───── Provided data

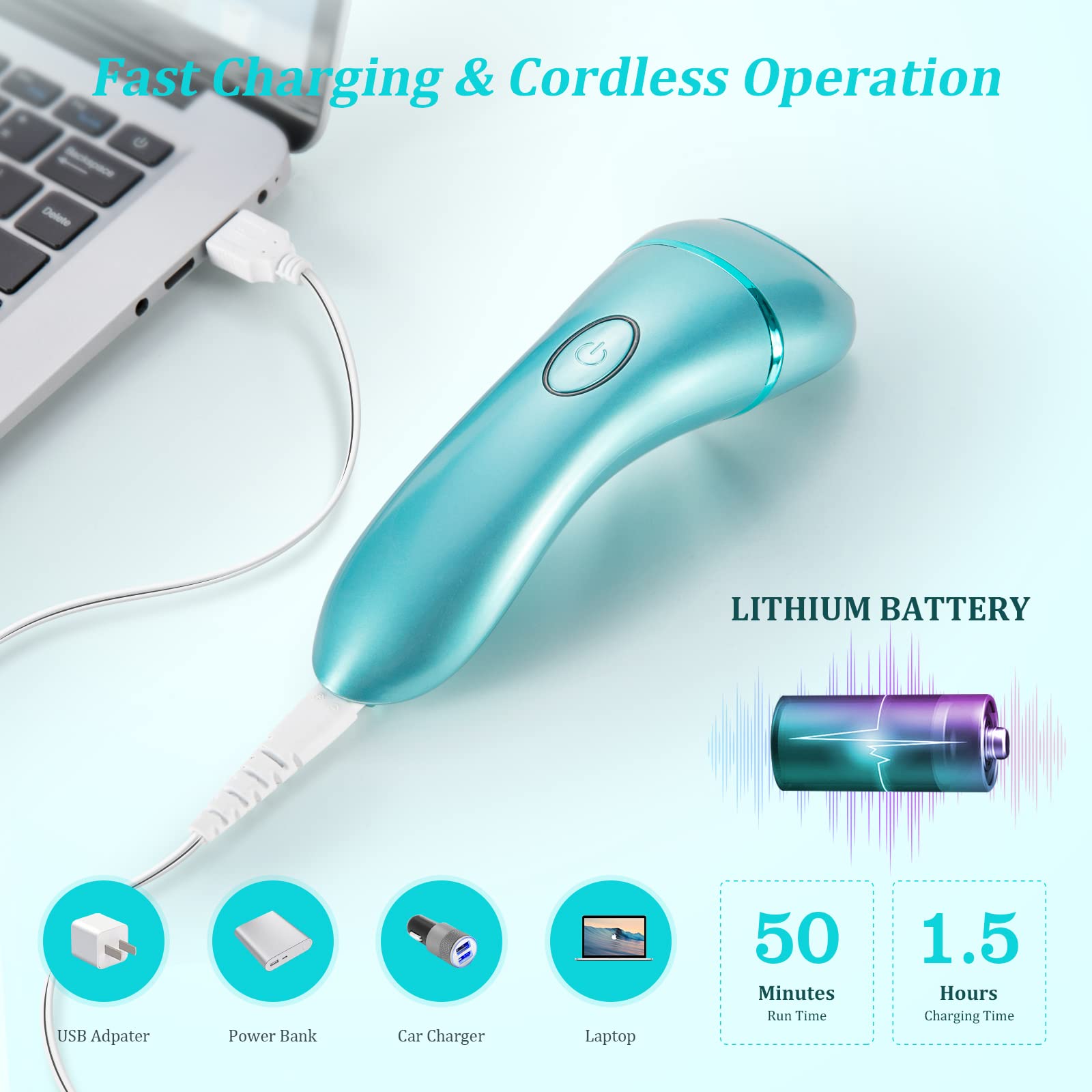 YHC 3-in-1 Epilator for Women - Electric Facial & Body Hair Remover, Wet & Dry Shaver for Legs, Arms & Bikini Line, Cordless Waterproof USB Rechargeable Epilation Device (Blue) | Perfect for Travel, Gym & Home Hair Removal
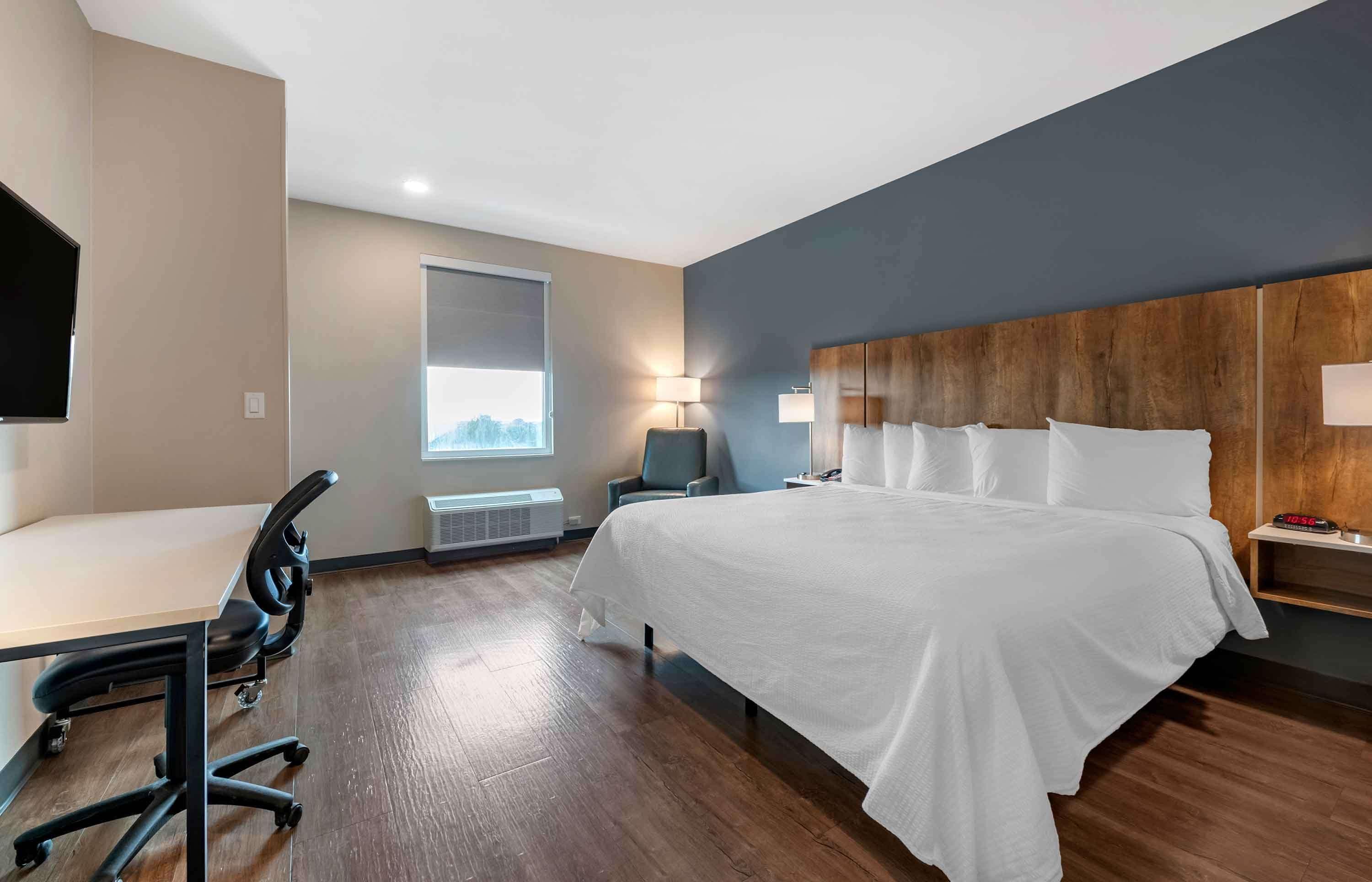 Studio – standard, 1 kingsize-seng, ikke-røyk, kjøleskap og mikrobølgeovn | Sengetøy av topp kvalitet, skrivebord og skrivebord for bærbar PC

──────────
───── Provided data

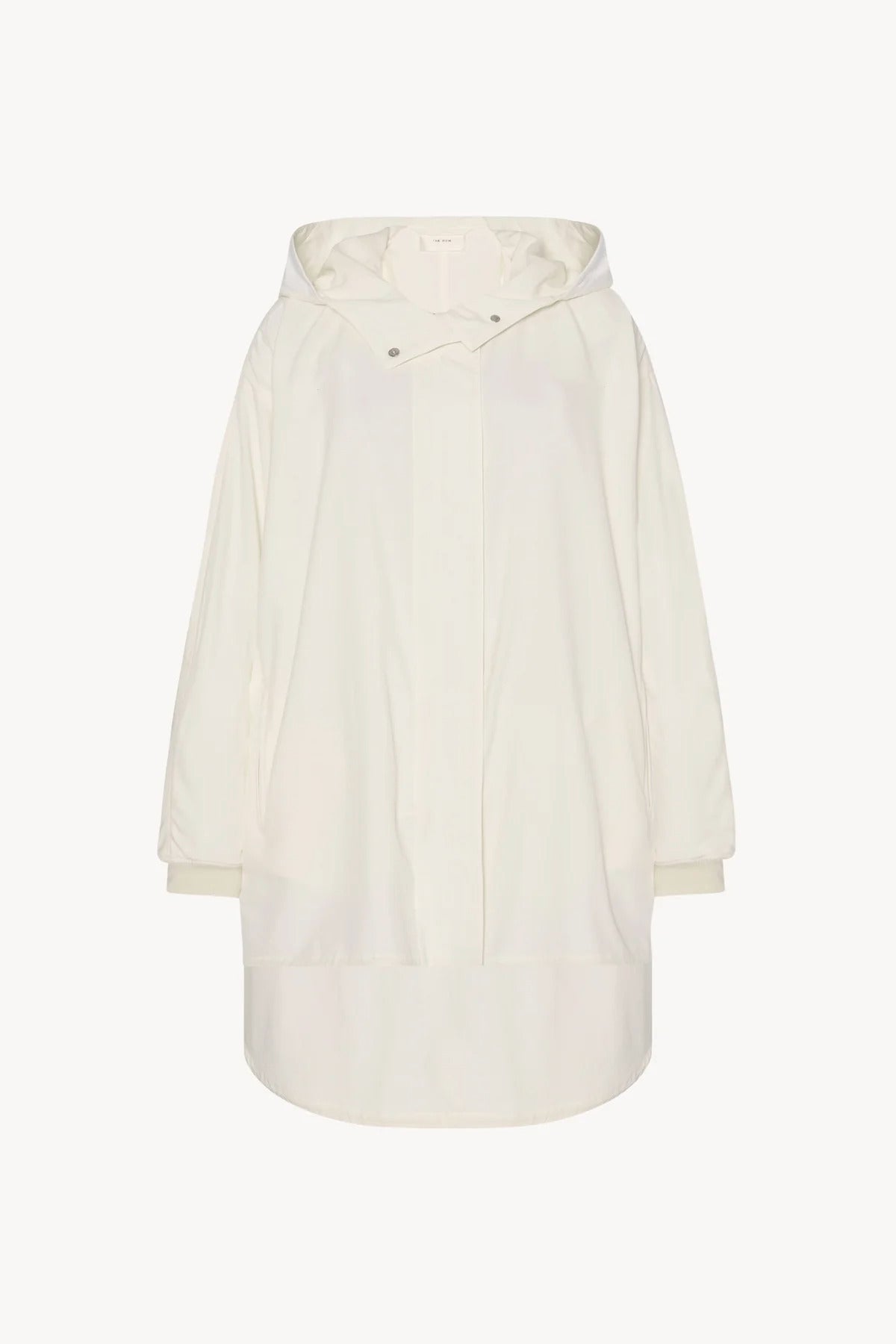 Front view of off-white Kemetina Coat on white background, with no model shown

──────────

Directions for this task:
When you reach the line holding "YHC 3-in-1 Epilator" in the listing above, begin retyping exactly, and stop once the line holding "Studio – standard, 1" is done; pictures stay out.

Written solution:
 YHC 3-in-1 Epilator for Women - Electric Facial & Body Hair Remover, Wet & Dry Shaver for Legs, Arms & Bikini Line, Cordless Waterproof USB Rechargeable Epilation Device (Blue) | Perfect for Travel, Gym & Home Hair Removal
 Studio – standard, 1 kingsize-seng, ikke-røyk, kjøleskap og mikrobølgeovn | Sengetøy av topp kvalitet, skrivebord og skrivebord for bærbar PC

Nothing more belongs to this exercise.